> Activity: For the records below, copy exactly the span that begins at the line containing "Пропонуеться на продаж" and stops after the line containing "Appartamento in Vendita", minus any pictures.

> Dataset:
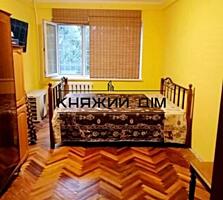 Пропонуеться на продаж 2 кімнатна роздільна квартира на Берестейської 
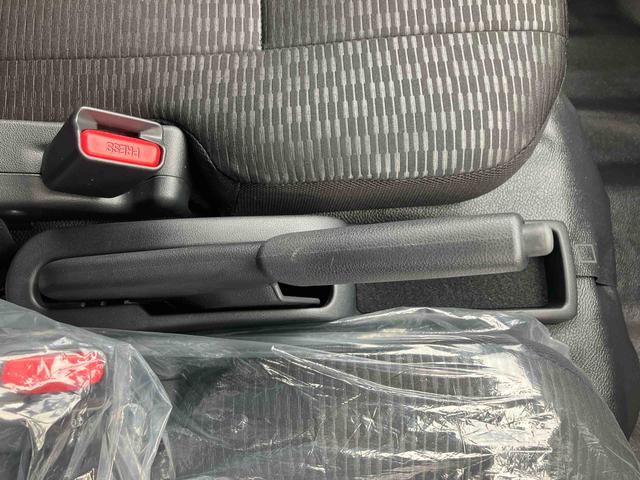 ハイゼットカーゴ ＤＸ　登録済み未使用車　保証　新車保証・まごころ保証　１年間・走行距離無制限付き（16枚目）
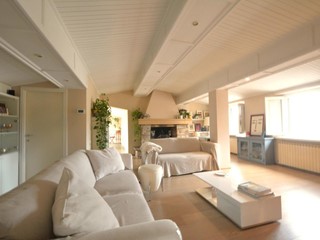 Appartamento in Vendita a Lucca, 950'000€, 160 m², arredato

==

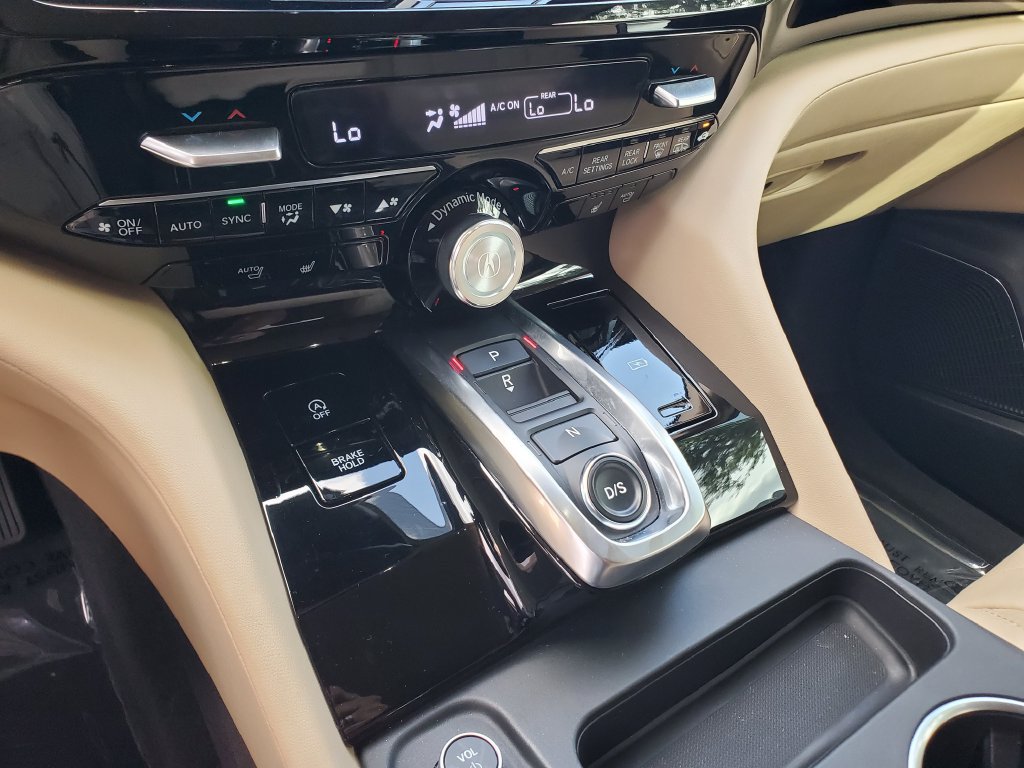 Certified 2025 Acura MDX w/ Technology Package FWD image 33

> Solution:
 Пропонуеться на продаж 2 кімнатна роздільна квартира на Берестейської 
 ハイゼットカーゴ ＤＸ　登録済み未使用車　保証　新車保証・まごころ保証　１年間・走行距離無制限付き（16枚目）
 Appartamento in Vendita a Lucca, 950'000€, 160 m², arredato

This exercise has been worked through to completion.